Angels 4-run first holds up. Sox lead on Detroit now 1/2 game

ANAHEIM—Two straight wins have the Los Angeles Angels of Anaheim still in the thick of the playoff race.Four consecutive losses haven’t derailed the White Sox’s chances either.Dan Haren earned his first win at home in more than a month, Mark Trumbo capped a four-run first inning with a two-run single and the Angels won 4-2 on Saturday night, trimming the Sox AL Central lead to a half-game over Detroit.

“We’re really positive,” Haren said. “It’s really a testament to the leaders on the team. Torii [Hunter] has gotten his point across that we’re not going to give up until we’re eliminated or we win.”

Haren (12-11) allowed two runs and six hits in six-plus innings, struck out four and walked one for his first win in Anaheim since beating Tampa Bay on July 27. He had been 0-3 with an 8.77 ERA in three home starts since then.

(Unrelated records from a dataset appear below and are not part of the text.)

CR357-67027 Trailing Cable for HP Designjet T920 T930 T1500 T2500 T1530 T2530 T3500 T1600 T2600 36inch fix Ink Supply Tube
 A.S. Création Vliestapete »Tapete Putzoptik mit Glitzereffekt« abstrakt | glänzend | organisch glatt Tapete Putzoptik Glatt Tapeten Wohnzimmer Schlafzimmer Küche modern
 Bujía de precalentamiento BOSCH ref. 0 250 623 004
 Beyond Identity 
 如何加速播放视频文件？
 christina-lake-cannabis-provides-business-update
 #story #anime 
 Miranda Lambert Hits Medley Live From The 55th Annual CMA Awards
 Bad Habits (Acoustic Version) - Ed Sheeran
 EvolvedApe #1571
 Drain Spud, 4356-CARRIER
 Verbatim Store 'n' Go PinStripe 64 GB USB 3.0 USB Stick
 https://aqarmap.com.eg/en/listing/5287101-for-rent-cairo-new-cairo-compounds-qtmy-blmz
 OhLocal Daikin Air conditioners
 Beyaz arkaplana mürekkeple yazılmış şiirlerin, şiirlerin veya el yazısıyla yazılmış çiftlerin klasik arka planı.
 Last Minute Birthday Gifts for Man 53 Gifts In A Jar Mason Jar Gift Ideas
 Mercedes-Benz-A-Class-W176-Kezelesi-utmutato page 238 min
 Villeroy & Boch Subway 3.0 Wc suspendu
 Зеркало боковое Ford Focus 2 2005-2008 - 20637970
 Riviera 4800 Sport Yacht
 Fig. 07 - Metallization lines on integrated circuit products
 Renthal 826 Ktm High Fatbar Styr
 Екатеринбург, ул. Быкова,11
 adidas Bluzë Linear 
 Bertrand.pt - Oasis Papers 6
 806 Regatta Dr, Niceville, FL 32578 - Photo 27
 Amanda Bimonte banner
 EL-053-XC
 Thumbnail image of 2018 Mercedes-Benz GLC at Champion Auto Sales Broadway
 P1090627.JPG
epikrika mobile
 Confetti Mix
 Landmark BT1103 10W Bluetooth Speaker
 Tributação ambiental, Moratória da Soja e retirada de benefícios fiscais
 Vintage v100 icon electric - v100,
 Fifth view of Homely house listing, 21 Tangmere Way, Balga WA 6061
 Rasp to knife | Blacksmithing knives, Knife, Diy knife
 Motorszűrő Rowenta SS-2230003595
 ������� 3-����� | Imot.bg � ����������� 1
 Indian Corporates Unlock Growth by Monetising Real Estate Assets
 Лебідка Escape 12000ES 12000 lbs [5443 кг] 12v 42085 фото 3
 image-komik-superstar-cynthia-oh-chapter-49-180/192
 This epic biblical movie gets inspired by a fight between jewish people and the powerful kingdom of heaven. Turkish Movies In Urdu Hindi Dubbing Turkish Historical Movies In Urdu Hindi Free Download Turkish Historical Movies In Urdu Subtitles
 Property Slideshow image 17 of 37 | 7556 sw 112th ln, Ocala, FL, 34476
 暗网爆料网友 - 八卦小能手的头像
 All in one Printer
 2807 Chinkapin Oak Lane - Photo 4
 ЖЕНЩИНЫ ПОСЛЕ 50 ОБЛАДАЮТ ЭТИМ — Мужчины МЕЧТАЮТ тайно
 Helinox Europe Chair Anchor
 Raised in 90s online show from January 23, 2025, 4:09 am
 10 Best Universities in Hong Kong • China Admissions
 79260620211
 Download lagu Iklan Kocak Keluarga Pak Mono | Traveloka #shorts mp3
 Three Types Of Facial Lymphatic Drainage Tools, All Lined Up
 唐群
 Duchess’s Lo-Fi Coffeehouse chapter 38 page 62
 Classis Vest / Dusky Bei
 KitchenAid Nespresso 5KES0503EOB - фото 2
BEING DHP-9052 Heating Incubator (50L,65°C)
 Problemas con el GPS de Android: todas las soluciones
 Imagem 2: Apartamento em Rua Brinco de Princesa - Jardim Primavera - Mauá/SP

“Two double plays were big,” Haren said, crediting the defense. “For the most part I was keeping the ball down. That’s a really good lineup.”

Ernesto Frieri pitched the ninth to earn his 20th save in 23 chances after giving up a go-ahead home run in each of his previous two outings.

“Ernie had a couple of rough outings and tonight he found another gear,” Angels manager Mike Scioscia said.

The Angels have won six of nine and are 2 ½ games behind Oakland for the second AL wild card. They moved to a season-high 14 games over .500.

“Every guy has a ton of fight left in them and that’s really what you want,” Trumbo said.

Jose Quintana (6-5) gave up four runs and six hits in five innings, struck out three and walked five for the White Sox, who have scored just 10 runs in their past five games. Chicago struck out 12 times in a 6-2 loss in the series opener Friday.

“This is baseball and guys should be having fun doing it,” said White Sox manager Robin Ventura, who was ejected in the fourth.”There’s stress and stuff like that because you want to win games, but we’d rather be doing this than trying to ruin somebody else’s postseason chances.”

Ventura was tossed by first base umpire Ed Hickox for arguing a balk called on Quintana with the White Sox trailing 4-1. The Angels had runners at the corners with none out when Quintana made an attempted pickoff throw to first baseman Paul Konerko, who was playing way off the bag against the right-handed hitting Mike Trout. Quintana led Konerko to the bag with his throw, and was called for his second balk of the season.

“I don’t even know exactly how that went about because it was a designed play, so I was a little surprised that the balk was called,” Quintana said through a translator. “I still don’t understand it. I would have to look at the video. But it’s a play that we have. It’s not one that we’ve tried all the time, but we definitely practiced it in spring training.”

Hickox told a pool reporter that Quintana didn’t throw directly to first base, but 8 to 10 feet toward second baseman Gordon Beckham.

“Konerko was not breaking until after the pitcher threw the ball and then he was just trying to catch the ball. So in my judgment, there was no attempt to retire the runner,” the umpire said. “My view and my judgment is that Konerko just went to try to catch the ball from going down the line.”

The Angels failed to score in that inning after loading the bases.They tied a season high with four runs in the first. Albert Pujols’ ground-rule double — the 500th of his career — scored Trout, who walked. Hunter added an RBI single before Trumbo’s two-run single with two outs made it 4-0.The Sox first run came on Konerko’s 24th homer leading off the second. They added another run on pinch-hitter DeWayne Wise groundout to second off Garrett Richards.

NOTES—Pujols became the 19th player in major league history to record at least 500 doubles and 400 homers in his career. His 45 doubles are the most since he had that many in 2009….The White Sox have hit a major league-leading 94 homers since the All-Star break….It was the Sox fourth losing streak of four or more games this season….It was Ventura’s fourth ejection in his first year as a manager. His last was on Aug. 25 against Seattle…..Konerko’s homer was the first extra-base hit of his career against Haren, who had previously given up six singles to Konerko.